On Friday, the academy said Rempt has removed himself from any further consideration of Owens's legal case. Typically, he would have to affirm convictions for lesser offenses, which in this case are conduct unbecoming an officer and violating a military protective order.
In a written statement, an academy spokesman said Rempt had "voluntarily relinquished his role" after Owens's defense team raised the allegations, which the statement called "untrue," about "an appearance of a lack of neutrality."
But the statement did not say whether Rempt will remove himself from the administrative decision on Owens's future in the Navy, a move that Owens's attorney, Reid H. Weingarten, is pursuing.
The alumni argue that Rempt's overzealousness in prosecuting high-profile sexual assault cases is part of his effort to advance an agenda designed to appease Congress and women's groups demanding a crackdown on sexual assault and harassment at military academies.

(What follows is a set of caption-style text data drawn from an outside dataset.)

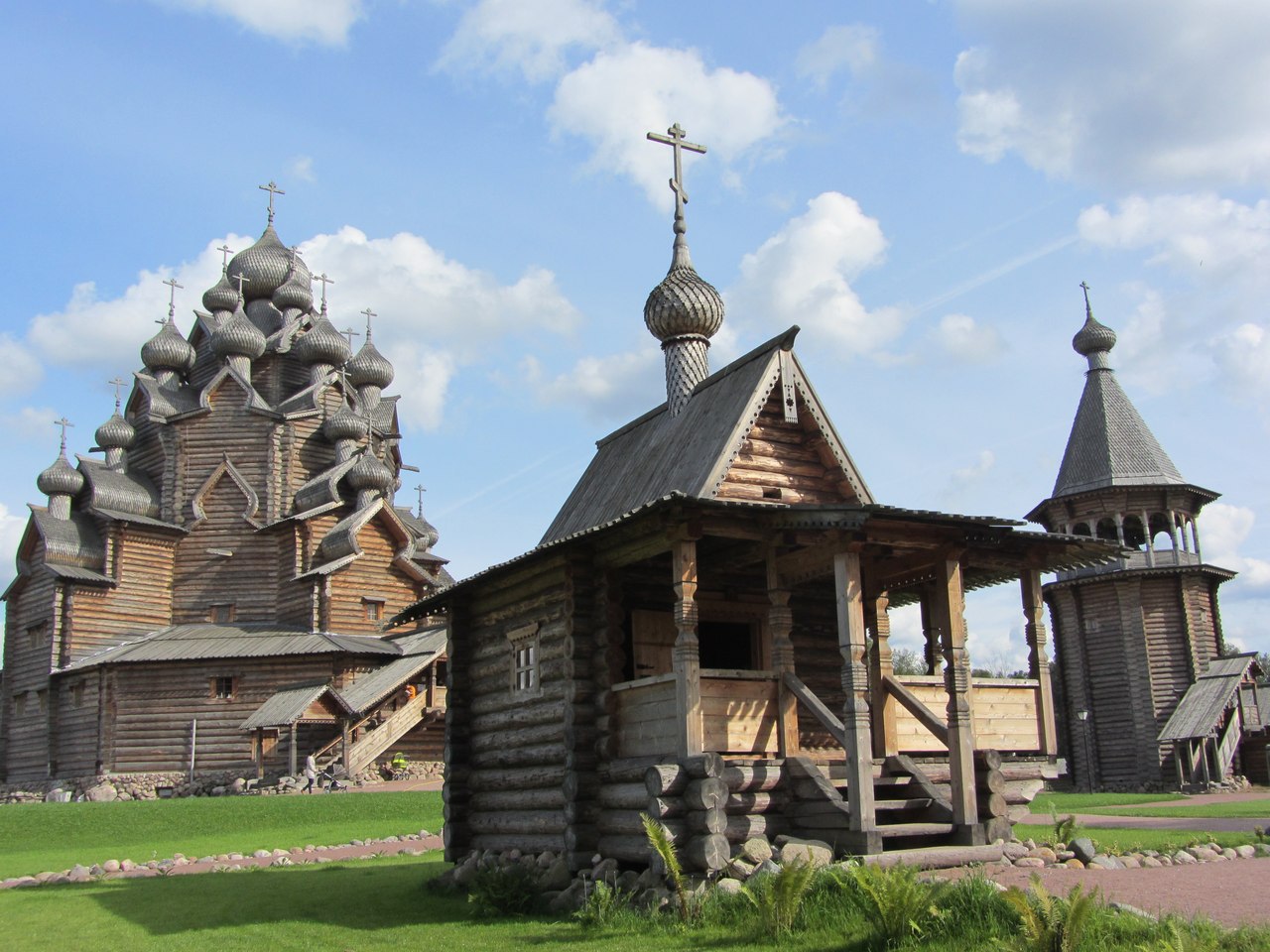 Памятник зодчества 4. Усадьба Богословка Покровская Церковь. Парковый комплекс усадьба Богословка в Невском лесопарке. Церковь Богословка Невский лесопарк. Покровская Церковь (Невский лесопарк).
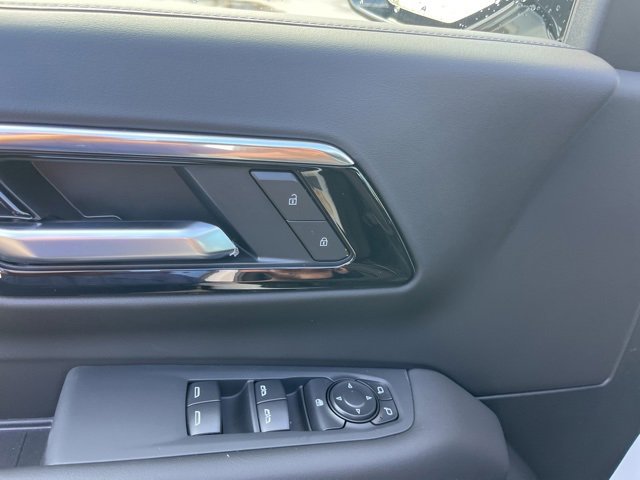 New 2026 Chevrolet Suburban LS image 14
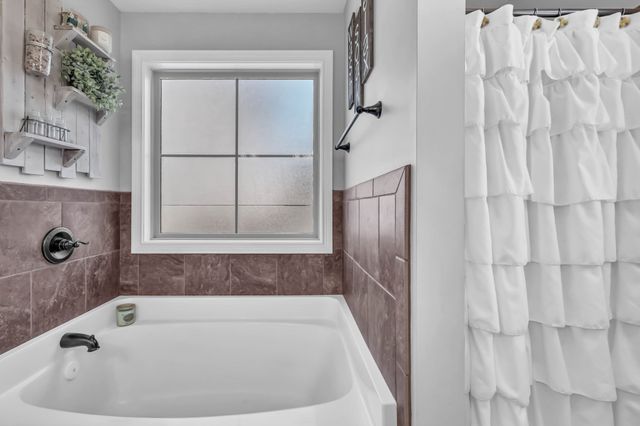 3450 Bradfield Dr, Clarksville, TN 37042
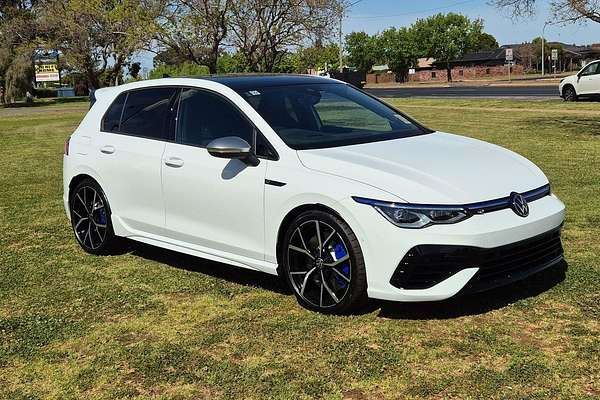 2024 Volkswagen Golf R 8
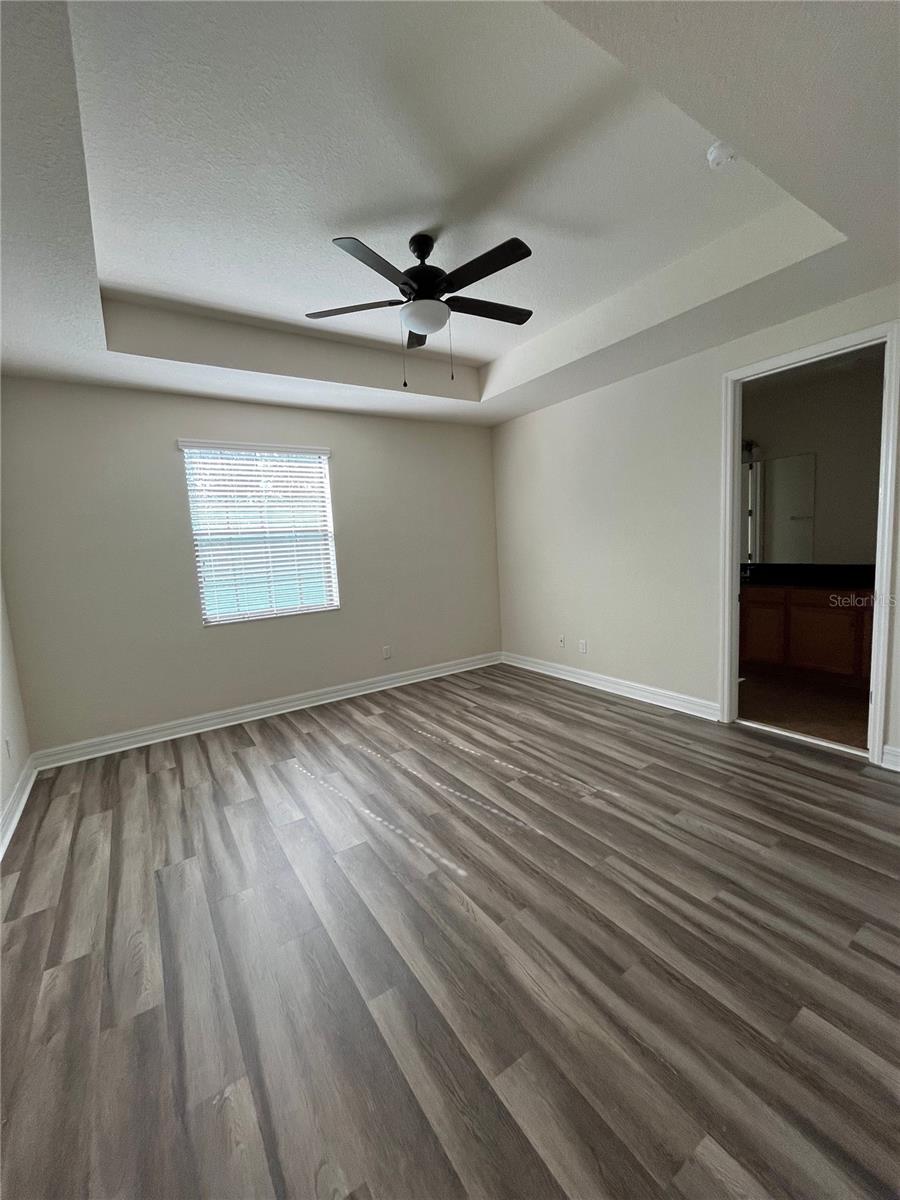9945 EAGLE CREEK CENTER BLVD, ORLANDO, FL, 32832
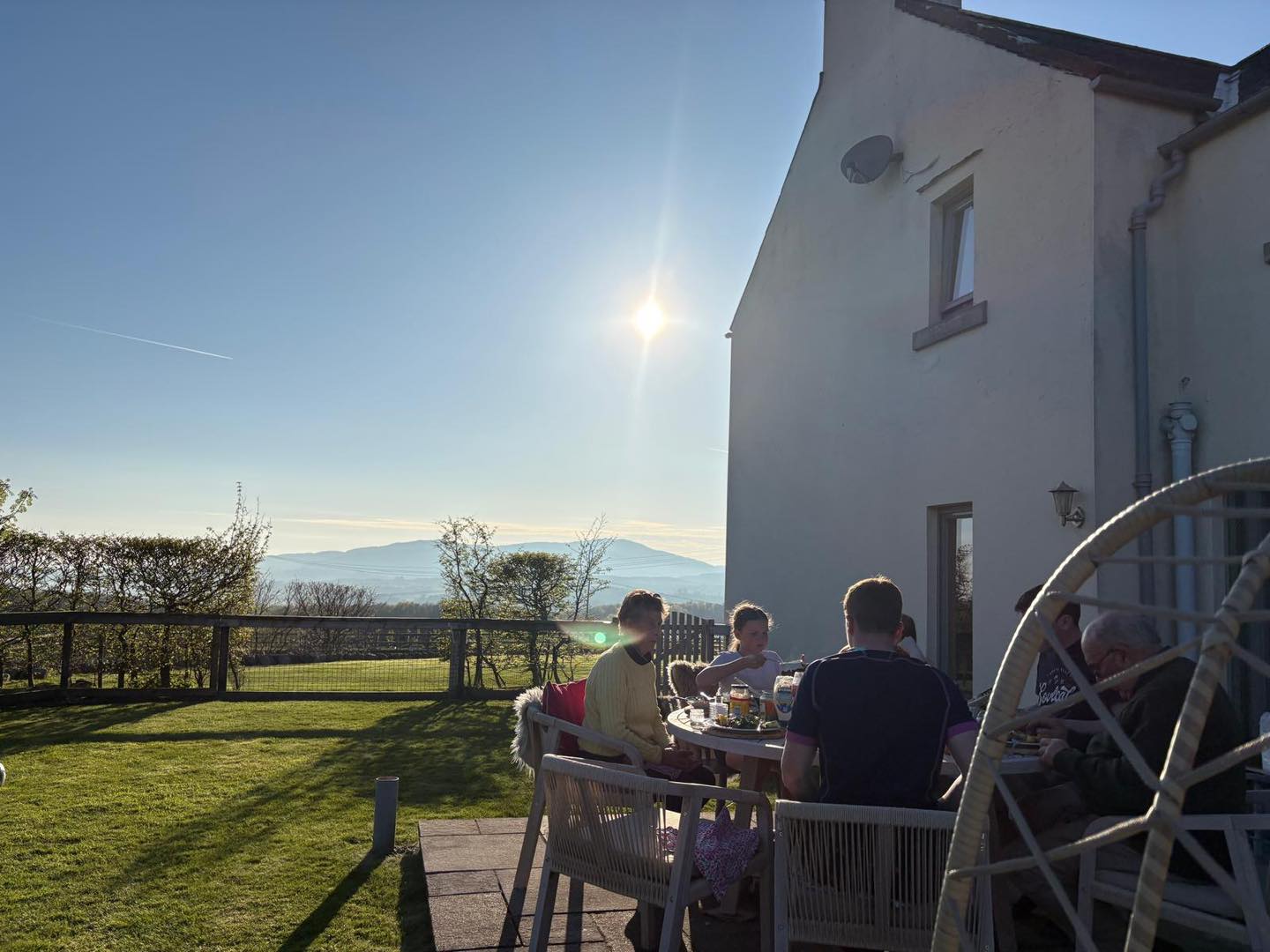 I T feels like summer! #gallowayview 🌱 #familytime❤️ #beautifulplaces #dumfriesandgallowaylife #thesunisout☀️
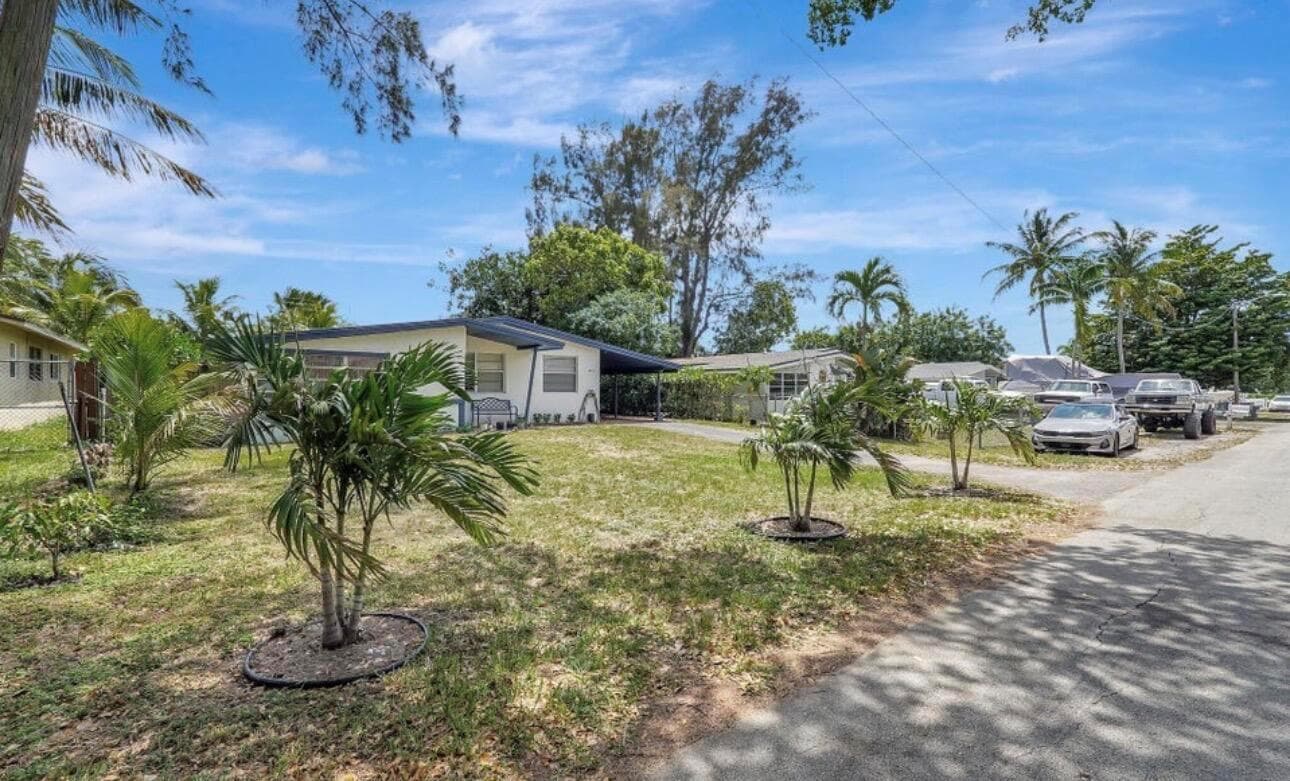 7530 Atlanta Street, Hollywood FL 33024 photo 2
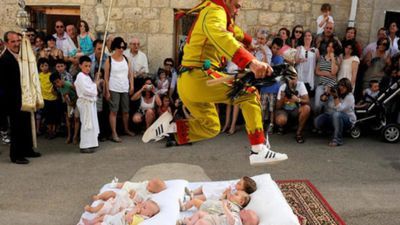 10 Strange Customs & Traditions from Around the World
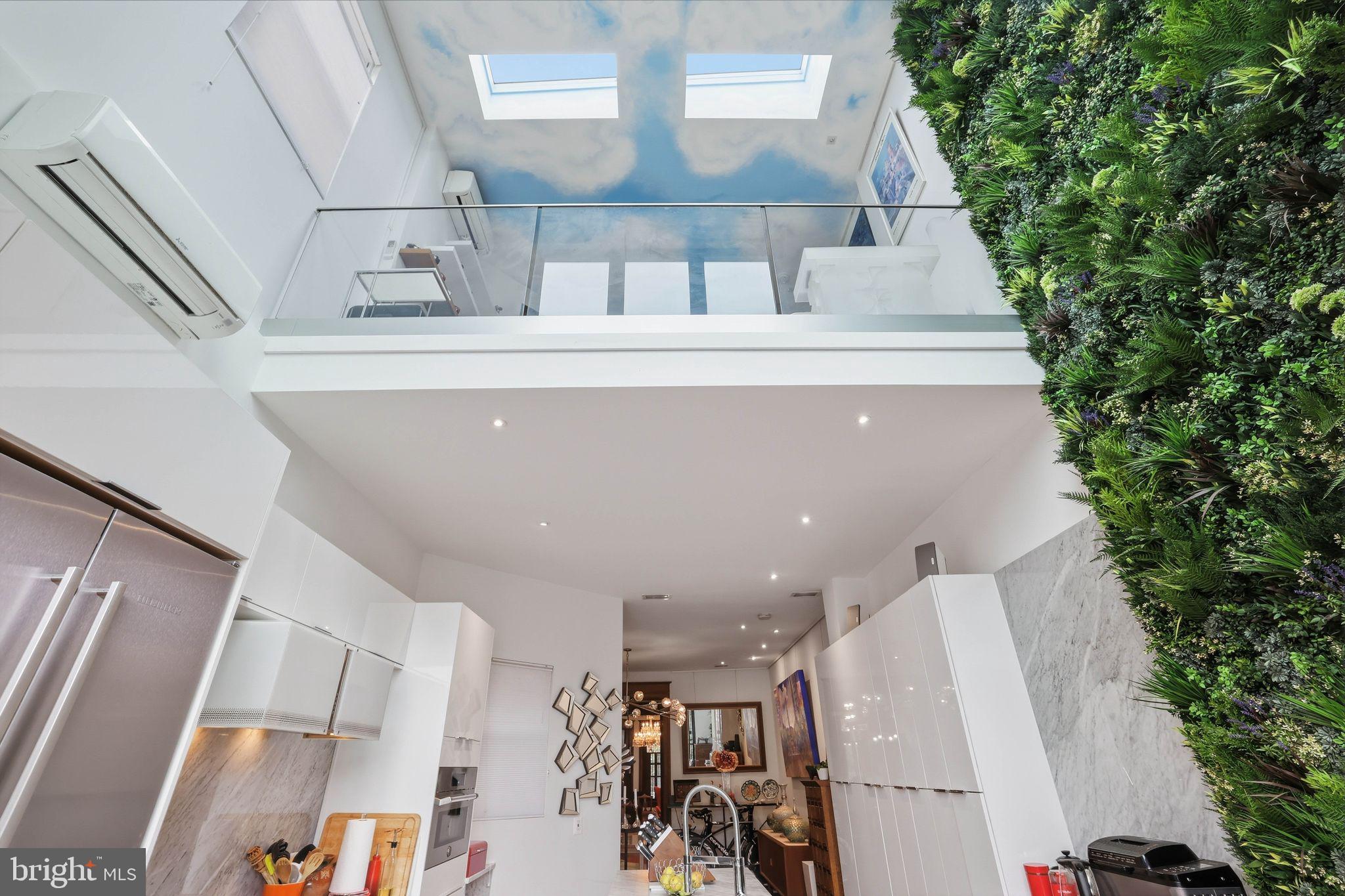 BLOOMINGDALE - Residential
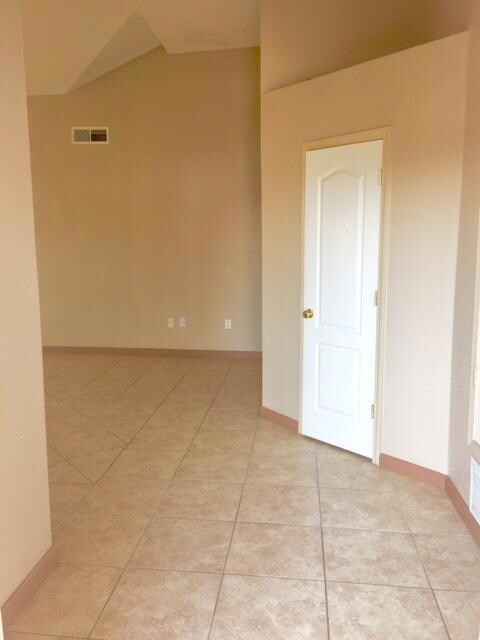 14521 Desierto Bello Ave, El Paso, TX 79928 - photo 4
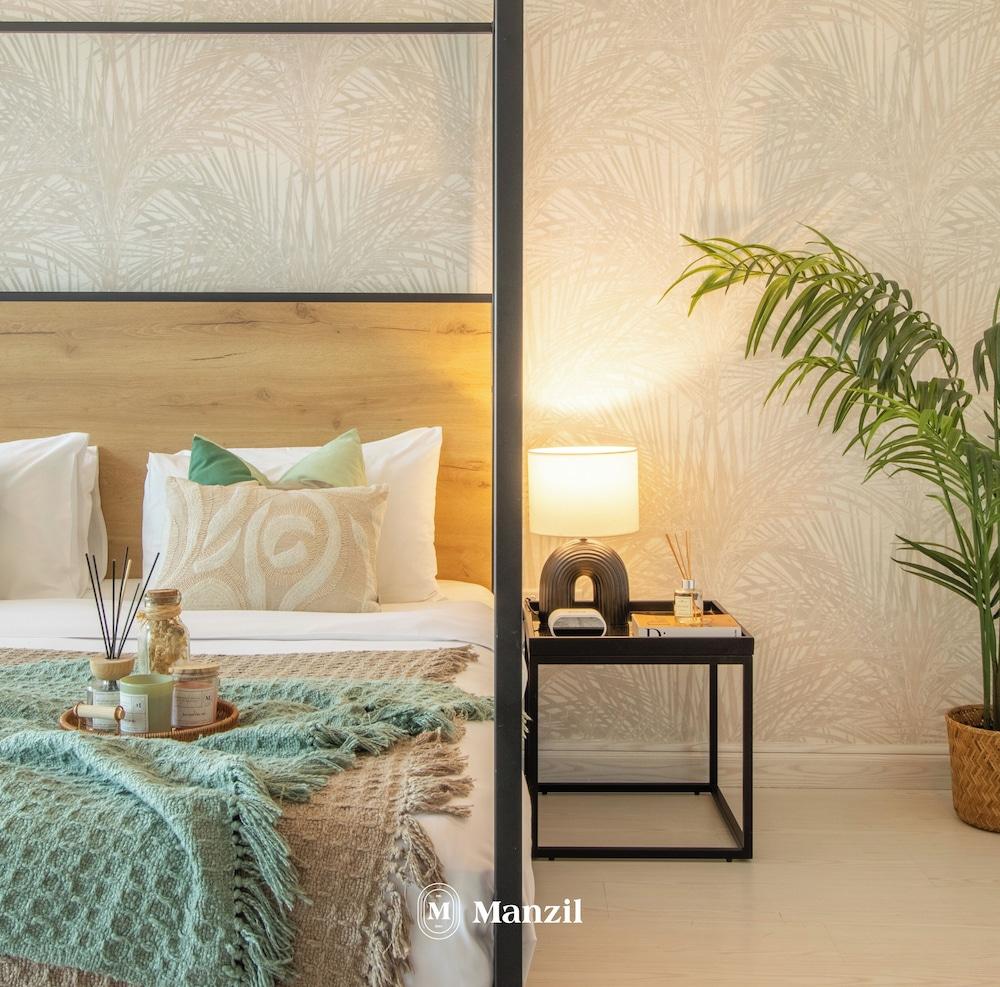 Manzil - Spacious 3B Villa w/ Burj & Fountain View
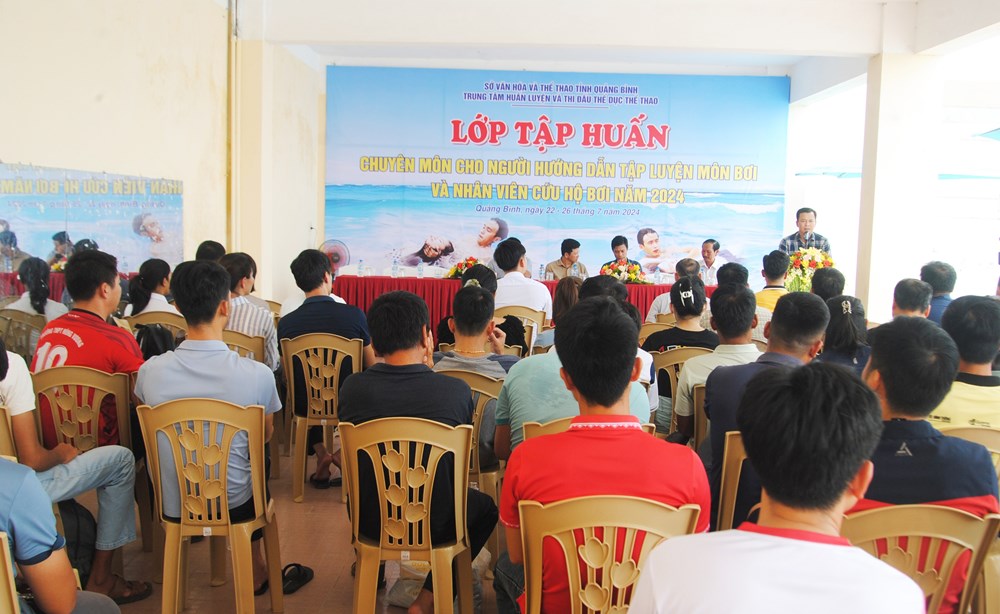 Quảng Bình: Nâng cao kỹ năng cho người hướng dẫn tập luyện môn bơi - Ảnh 1.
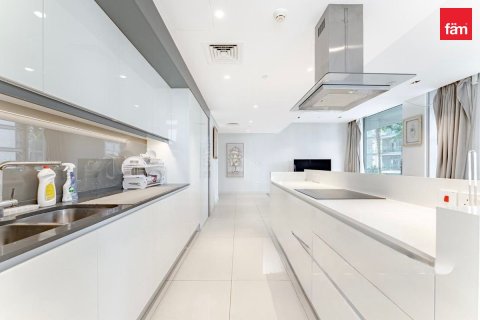 Apartment in Dubai 2 bedrooms, 139.4 sq.m. № 141821 - photo 8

They say that in unjustly targeting a prominent black midshipman who was a leader not only on the gridiron but also in church, Rempt has unintentionally set back another social cause: the advancement of African Americans in the Navy.
The case has also exposed a fault line of opposition from alumni who believe academy standards have been lowered under Rempt's watch. They point not only to high-profile cases involving drinking and sexual indiscretions but also to a general lack of decorum displayed on a much-viewed Internet video of midshipmen marching through the streets of Annapolis on the way to a recent Navy football game, appearing -- in the words of one alumnus who commented online -- like "undisciplined louts in uniform."
"People are saying, 'Why have an academy anymore?' " Savage said.
In the eye of the storm is Rempt, who came to the academy with a reputation as a leader in advancing the role of women in the military. Rempt has since won praise for targeting what he identified as three major related problems at the academy: alcohol abuse, sexual misconduct and honor violations.